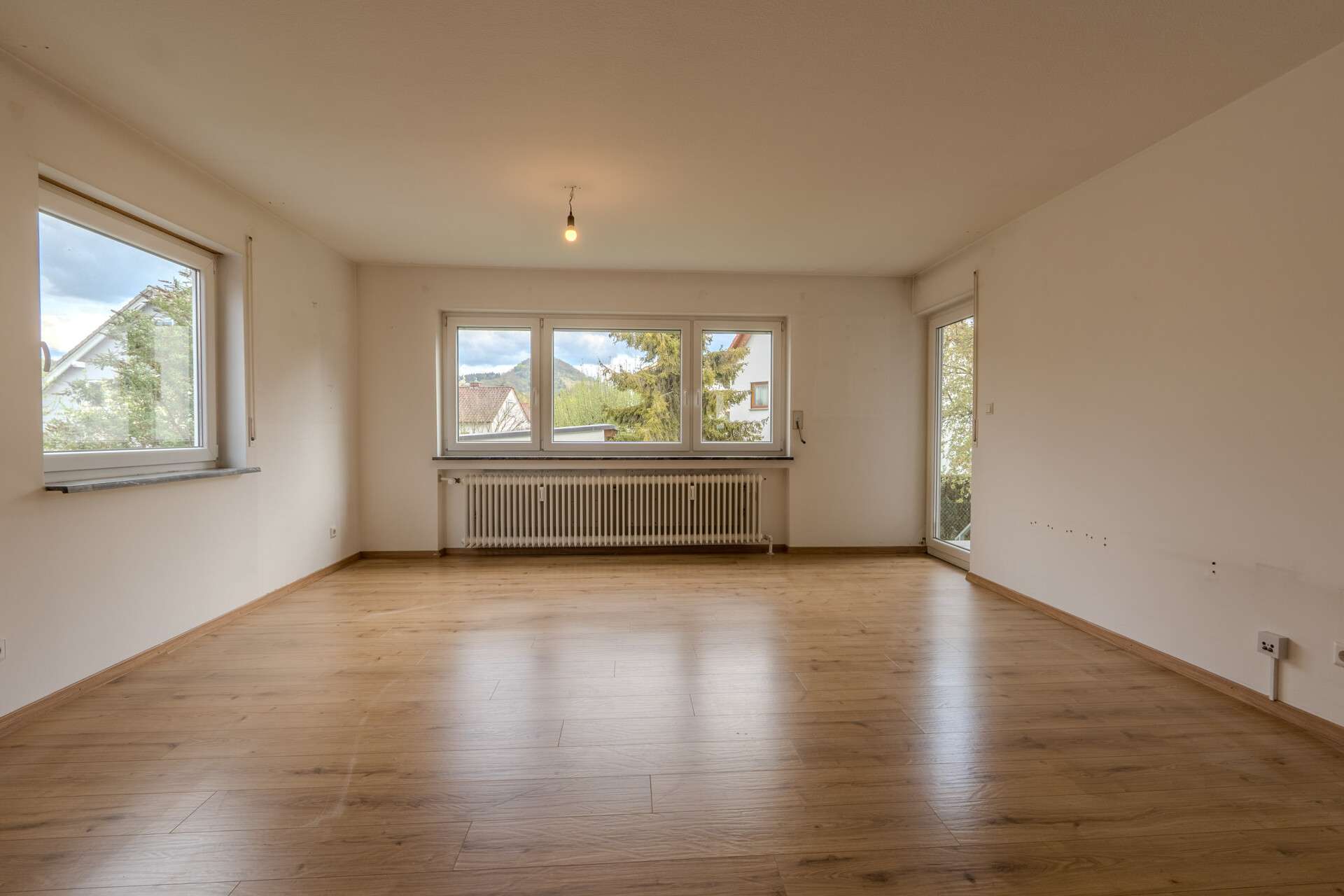 Thumbnail-Wohnung zum Kaufen in Reutlingen Sondelfingen 220.000,00 € 65.32 m²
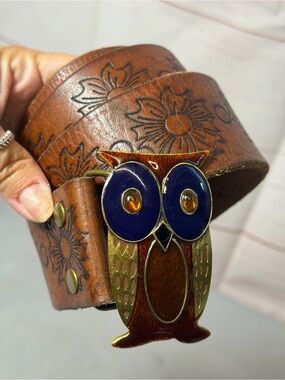 Hollister Brown Tooled Leather Belt with Navy & Gold Owl Buckle vintage Y2K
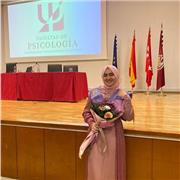 Graduada en Psicología y con Máster en Psicología Social , por lo tanto buena capacidad de evaluación y comunicación  , cualquier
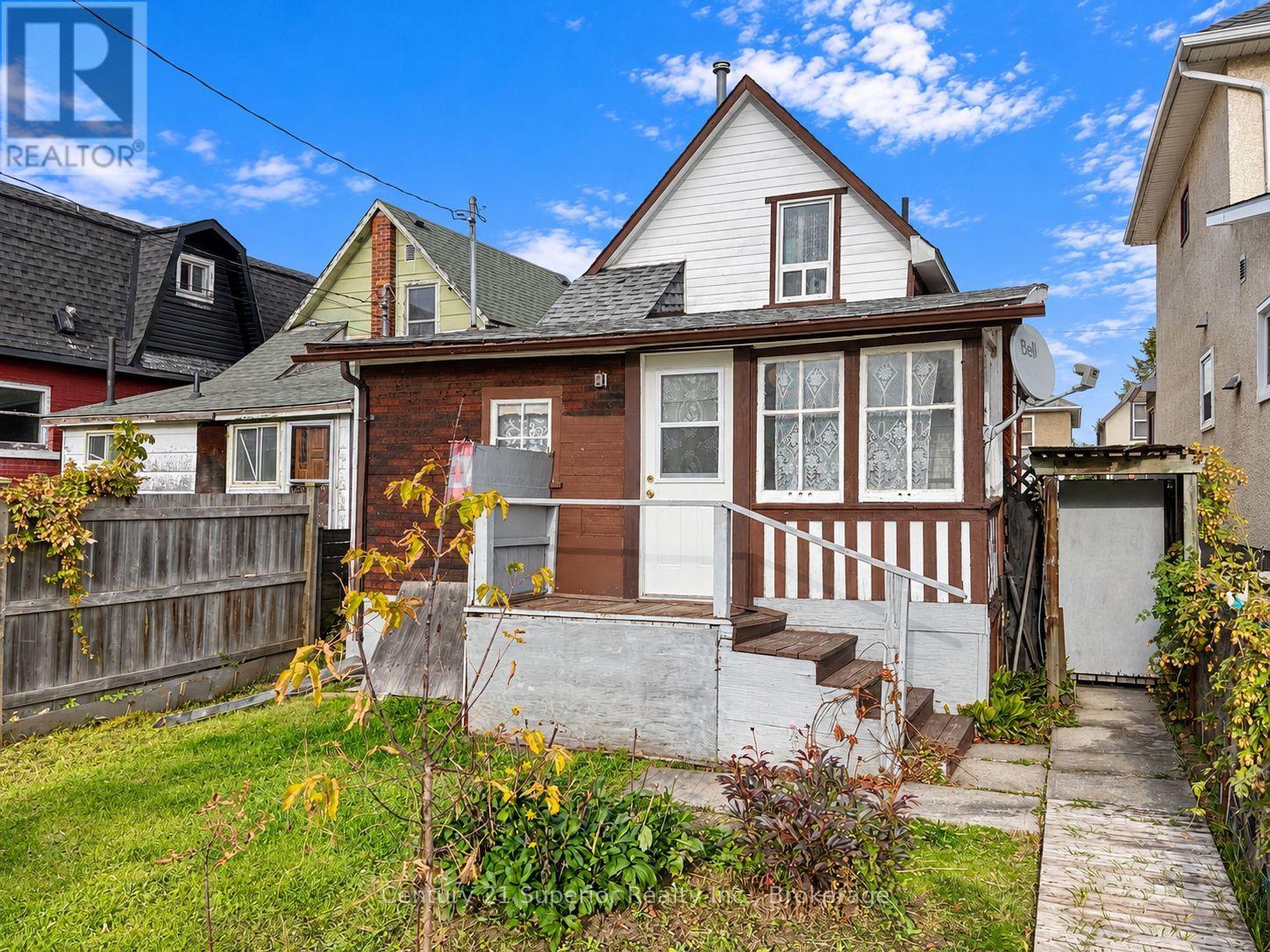 531 Mctavish Street Property Photo 36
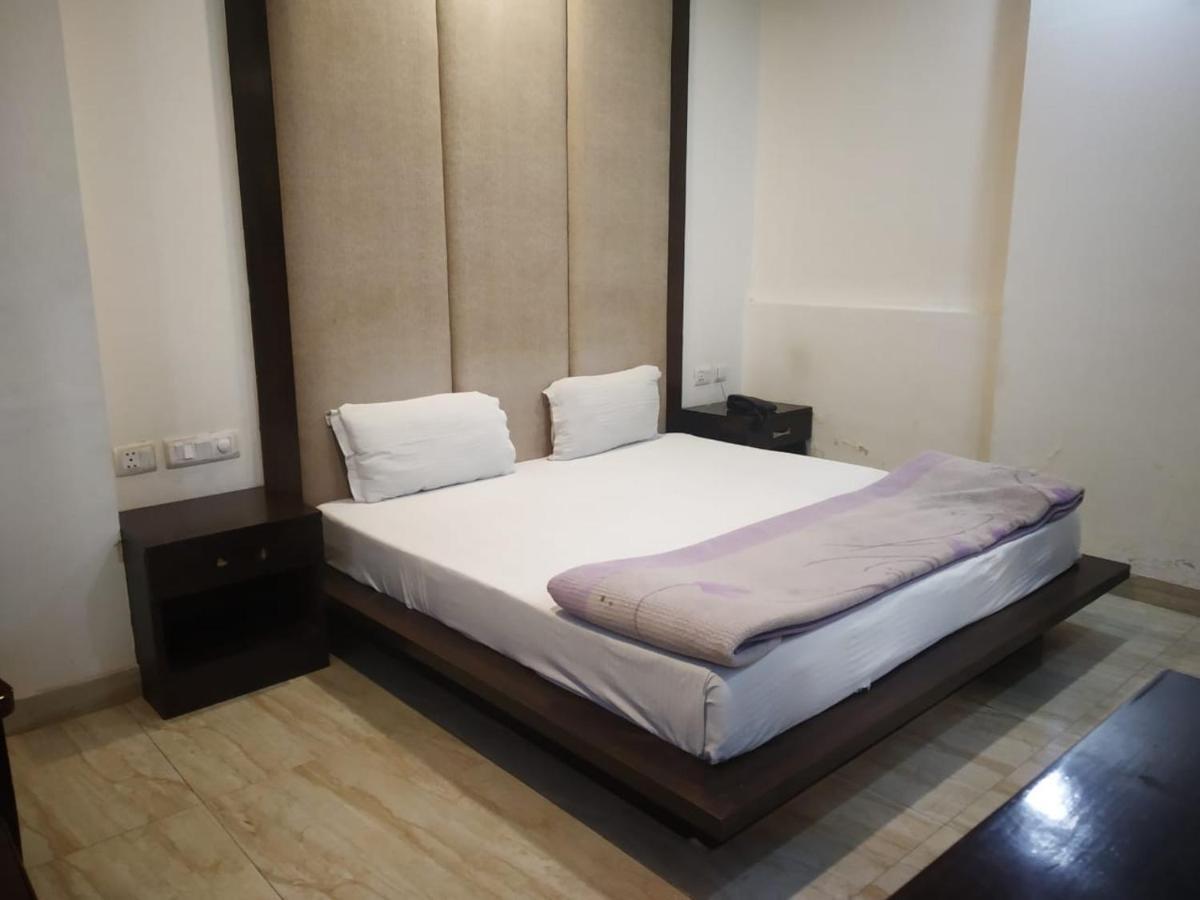 Adb Rooms Hotel Indo Continental Нью-Дели Экстерьер фото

☆ ☆ ☆

### What needs to be done
Reprint the data verbatim, pictures excluded.

### Solved exercise
 Thumbnail-Wohnung zum Kaufen in Reutlingen Sondelfingen 220.000,00 € 65.32 m²
 Hollister Brown Tooled Leather Belt with Navy & Gold Owl Buckle vintage Y2K
 Graduada en Psicología y con Máster en Psicología Social , por lo tanto buena capacidad de evaluación y comunicación  , cualquier
 531 Mctavish Street Property Photo 36
 Adb Rooms Hotel Indo Continental Нью-Дели Экстерьер фото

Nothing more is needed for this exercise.